* Exercise: Please write out, exactly as given, the line that contains "Glatze Mann mit" and all lines that follow it through the end of the listing, and nothing else.
--- START ---
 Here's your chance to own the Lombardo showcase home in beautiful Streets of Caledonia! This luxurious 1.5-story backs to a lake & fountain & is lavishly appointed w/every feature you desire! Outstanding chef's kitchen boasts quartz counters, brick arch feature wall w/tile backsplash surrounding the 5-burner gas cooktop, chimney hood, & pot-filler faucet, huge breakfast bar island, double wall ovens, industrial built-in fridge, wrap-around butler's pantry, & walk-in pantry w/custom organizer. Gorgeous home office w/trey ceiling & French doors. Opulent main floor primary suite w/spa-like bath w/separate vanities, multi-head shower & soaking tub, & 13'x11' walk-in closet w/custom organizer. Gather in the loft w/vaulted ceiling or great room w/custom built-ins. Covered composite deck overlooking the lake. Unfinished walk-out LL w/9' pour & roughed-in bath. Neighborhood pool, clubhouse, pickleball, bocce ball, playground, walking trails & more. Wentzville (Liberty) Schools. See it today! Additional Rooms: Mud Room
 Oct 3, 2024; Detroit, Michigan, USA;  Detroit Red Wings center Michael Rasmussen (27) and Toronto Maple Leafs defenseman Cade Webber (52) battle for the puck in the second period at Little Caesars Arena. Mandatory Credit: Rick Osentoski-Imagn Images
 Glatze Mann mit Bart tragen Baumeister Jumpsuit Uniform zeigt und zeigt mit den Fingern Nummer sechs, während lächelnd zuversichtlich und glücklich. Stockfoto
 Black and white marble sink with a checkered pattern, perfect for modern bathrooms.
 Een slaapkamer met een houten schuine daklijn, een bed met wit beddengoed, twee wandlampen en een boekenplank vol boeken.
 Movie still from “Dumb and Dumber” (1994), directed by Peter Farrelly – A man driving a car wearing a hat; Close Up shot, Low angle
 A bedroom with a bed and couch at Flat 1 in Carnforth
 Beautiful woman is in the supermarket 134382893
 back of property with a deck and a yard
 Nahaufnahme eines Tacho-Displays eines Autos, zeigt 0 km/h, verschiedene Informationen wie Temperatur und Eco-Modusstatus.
--- END ---
* Reply to the exercise:
 Glatze Mann mit Bart tragen Baumeister Jumpsuit Uniform zeigt und zeigt mit den Fingern Nummer sechs, während lächelnd zuversichtlich und glücklich. Stockfoto
 Black and white marble sink with a checkered pattern, perfect for modern bathrooms.
 Een slaapkamer met een houten schuine daklijn, een bed met wit beddengoed, twee wandlampen en een boekenplank vol boeken.
 Movie still from “Dumb and Dumber” (1994), directed by Peter Farrelly – A man driving a car wearing a hat; Close Up shot, Low angle
 A bedroom with a bed and couch at Flat 1 in Carnforth
 Beautiful woman is in the supermarket 134382893
 back of property with a deck and a yard
 Nahaufnahme eines Tacho-Displays eines Autos, zeigt 0 km/h, verschiedene Informationen wie Temperatur und Eco-Modusstatus.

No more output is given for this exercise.